## Exercise objective
A word-for-word copy of the data is what's wanted, with no pictures.

## Data supplied

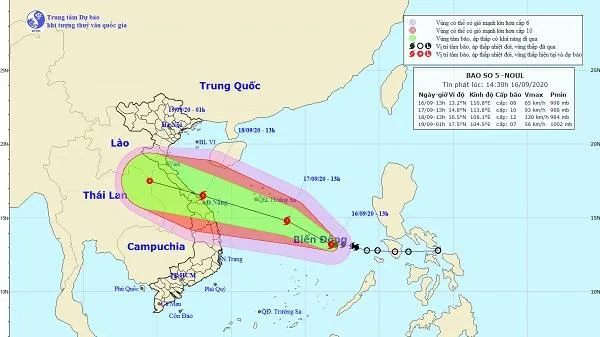 Bão số 5 cách quần đảo Hoàng Sa khoảng 680km về phía Đông Nam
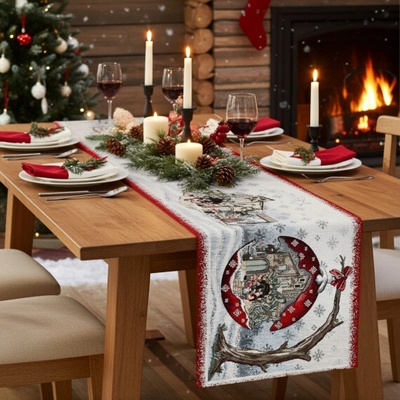Mondo Vianočný gobelínový behúň Betlehem Chenille IT013 40x130 cm
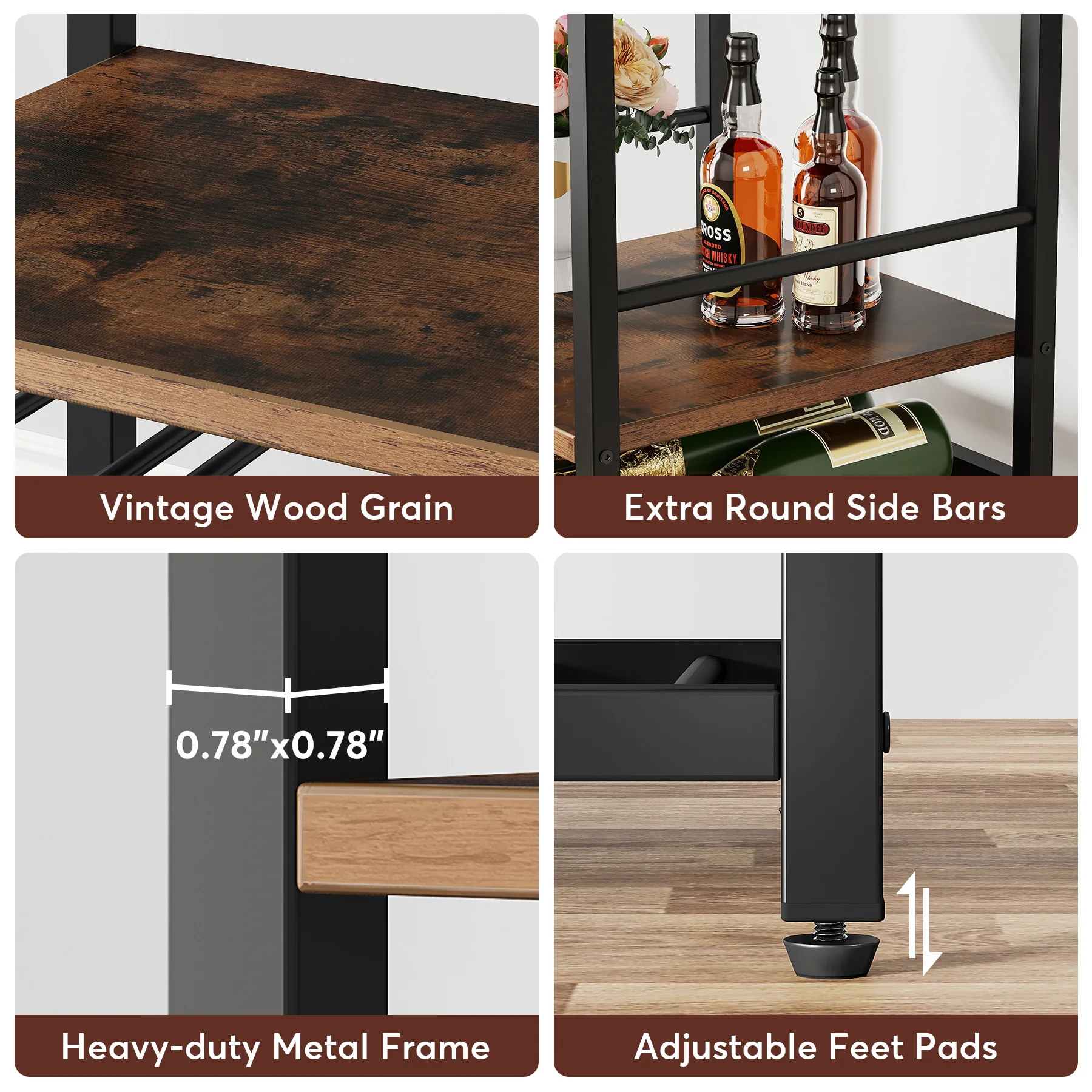 Tribesigns Portabottiglie per vino da 20 bottiglie, portabottiglie autoportante a 9 livelli con supporto in vetro e ripiani portaoggetti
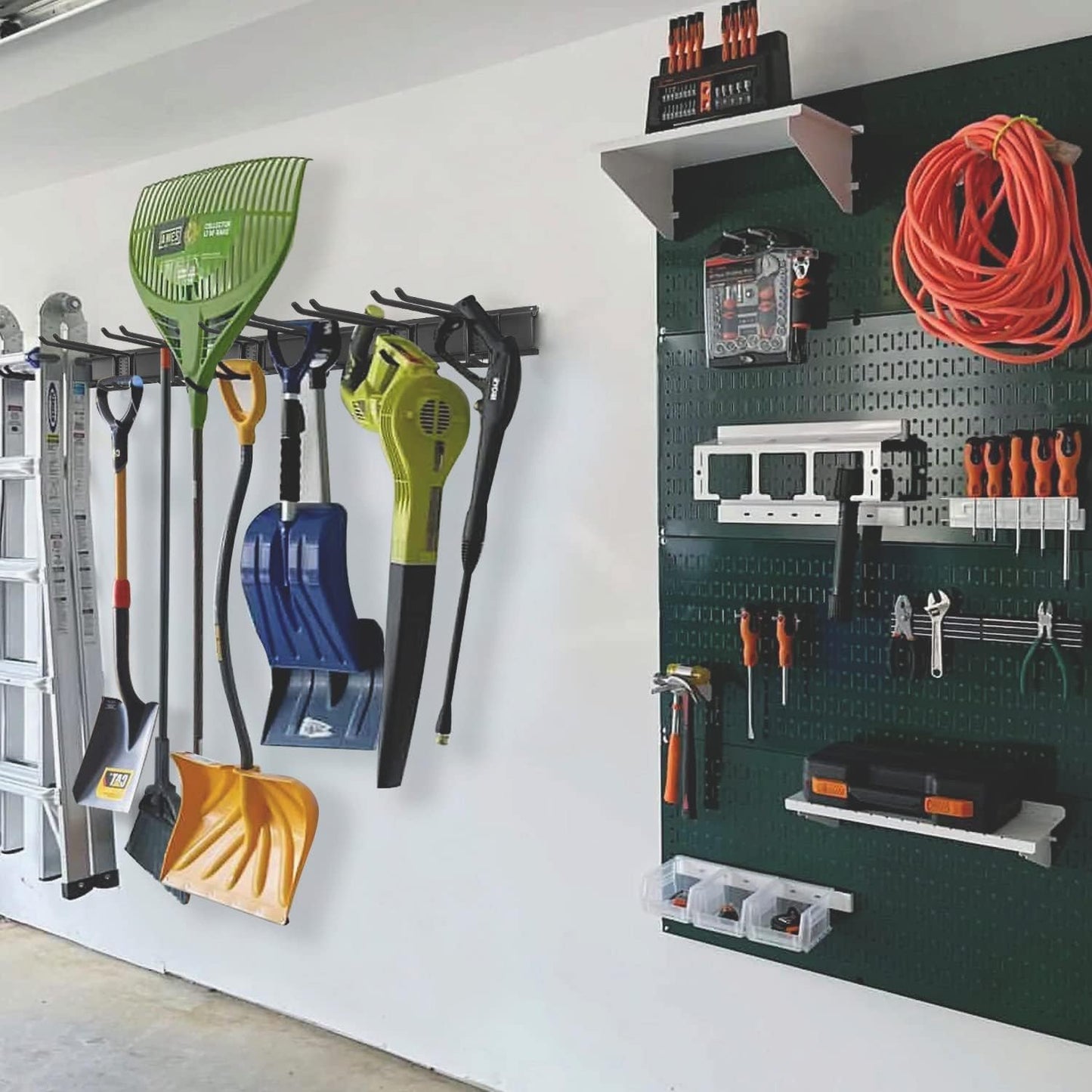 Wall Mount Tool Storage Rack, Heavy Duty Garage Storage Tool Organizer, Garden Tool Wall Hooks and Hangers, Hold Up to 350lbs (Black 6pcs)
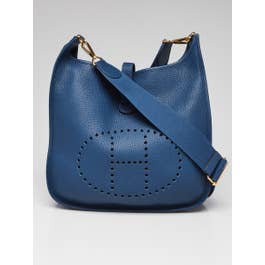 Hermes Hermes Bleu Saphir Clemence Leather Evelyne III 33 Bag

## Solution below
 Bão số 5 cách quần đảo Hoàng Sa khoảng 680km về phía Đông Nam
Mondo Vianočný gobelínový behúň Betlehem Chenille IT013 40x130 cm
 Tribesigns Portabottiglie per vino da 20 bottiglie, portabottiglie autoportante a 9 livelli con supporto in vetro e ripiani portaoggetti
 Wall Mount Tool Storage Rack, Heavy Duty Garage Storage Tool Organizer, Garden Tool Wall Hooks and Hangers, Hold Up to 350lbs (Black 6pcs)
 Hermes Hermes Bleu Saphir Clemence Leather Evelyne III 33 Bag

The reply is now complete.